Whether they can get to 1 trillion tons of carbon is unknown, Perry says, but this represents one of the largest agricultural experiments lately, with software and satellite tools available to every farmer who signs up. The goal is to find out which crops, practices and geographic locations have the ability to drive more carbon into the soil.
To start, Indigo will pay farmers $15 per ton of carbon, using venture capital raised by the company.
Some farmers have already embraced the techniques. Russell Hedrick, a regenerative grower who farms non-GMO and heirloom corn, soy, barley, oats and triticale in Hickory, N.C., has been measuring the carbon in his 1,000 acres and the best he’s ever done is 1.5 tons per acre.
He says the Indigo incentives could prove strong, especially at a time when farm bankruptcies are high and crop prices are sagging.
Hedrick says that in 2018, an American farmer on average lost about $60 per acre before subsidies, and made just $20 per acre after federal subsidies. So, if a farmer can put a ton and a half of carbon in each acre of soil and get paid by Indigo, they could double their profits.
“For me, that would be $22 per acre, and we farm close to 1,000 acres,” he said. “This is $22,000 for doing what I’m already doing. That’s pretty huge to me as a farmer.”
Hedrick, a first-generation farmer, learned these practices from books and online videos from regenerative farmers. He doesn’t till or plow, and he plants a cover crop within 10 days of harvesting a cash crop like corn or soy, mostly small grains with roots that can go down six feet and reduce soil compaction and help retain moisture.
Indigo is not the first organization to encourage farmers to prioritize putting carbon back in the soil. Iowa farmers tried it in the 1990s and the California Healthy Soils Initiative has an incentives program that funds farmers who use practices such as compost application, mulching, no-till and cover cropping.
Mark Bradford, an expert in soil and ecosystem science at the Yale School of Forestry & Environmental Studies.
“In soil science, there are all these initiatives to rebuild carbon in soil. The problem is measurement and verification — how do we make this economically and logistically feasible?” he said. “What I’m impressed by is [Indigo] has data science PhDs and they’re trying to do peer-reviewable, credible science.”

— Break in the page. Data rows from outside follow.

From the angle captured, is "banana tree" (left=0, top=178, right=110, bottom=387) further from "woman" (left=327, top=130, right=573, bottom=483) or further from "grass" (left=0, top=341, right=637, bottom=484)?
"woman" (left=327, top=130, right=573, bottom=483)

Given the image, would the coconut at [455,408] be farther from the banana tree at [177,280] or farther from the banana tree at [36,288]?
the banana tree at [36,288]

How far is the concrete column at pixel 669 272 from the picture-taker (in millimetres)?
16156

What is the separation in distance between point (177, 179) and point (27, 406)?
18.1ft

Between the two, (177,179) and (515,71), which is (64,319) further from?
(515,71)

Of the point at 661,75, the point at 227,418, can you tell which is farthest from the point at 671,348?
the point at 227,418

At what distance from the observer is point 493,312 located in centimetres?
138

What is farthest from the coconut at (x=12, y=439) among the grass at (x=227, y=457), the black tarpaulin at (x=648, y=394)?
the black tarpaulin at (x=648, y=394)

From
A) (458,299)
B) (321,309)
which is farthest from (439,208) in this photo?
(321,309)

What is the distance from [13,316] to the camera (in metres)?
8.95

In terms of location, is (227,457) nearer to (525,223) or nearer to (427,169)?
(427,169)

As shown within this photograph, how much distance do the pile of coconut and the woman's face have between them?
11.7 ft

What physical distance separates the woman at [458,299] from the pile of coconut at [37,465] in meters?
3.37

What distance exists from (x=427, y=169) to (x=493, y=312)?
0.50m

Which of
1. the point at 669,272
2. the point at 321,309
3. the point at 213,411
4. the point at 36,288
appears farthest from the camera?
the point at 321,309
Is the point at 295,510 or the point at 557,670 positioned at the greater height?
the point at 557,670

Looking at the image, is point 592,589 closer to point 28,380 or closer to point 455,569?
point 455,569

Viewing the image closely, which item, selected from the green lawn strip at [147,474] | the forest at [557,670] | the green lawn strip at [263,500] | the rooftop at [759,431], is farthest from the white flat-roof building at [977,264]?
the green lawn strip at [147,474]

That said, Bradford said the scientific community has far from a consensus on whether this is the right approach. Some wonder whether it is feasible to change farmer practices to such an extent and whether herculean efforts will result in meaningful atmospheric carbon reductions. Other scientists worry that a focus on carbon in soil will redirect attention away from minimizing greenhouse gas emissions. And still others think that building up carbon could produce more nitrous oxide gas, which is even more warming than carbon dioxide.
“No one has the models or the data to determine who is right yet,” Bradford said. “We have a lack of measurements. [Indigo is] doing the work on the ground to ask if this is feasible.”
Perry said that while most farmers are sustainability-minded, it’s hard to ask them to make sacrifices to sequester carbon for the good of the planet, especially in the face of so many other financial and climatic challenges. Paying them to make this a priority, he said, is the answer.
“It is the only action we can take today whose impact matches the scale of the problem,” he said. “Instead of reducing the speed at which we approach the climate cliff . . . this enables us to start backing away from the climate cliff entirely.”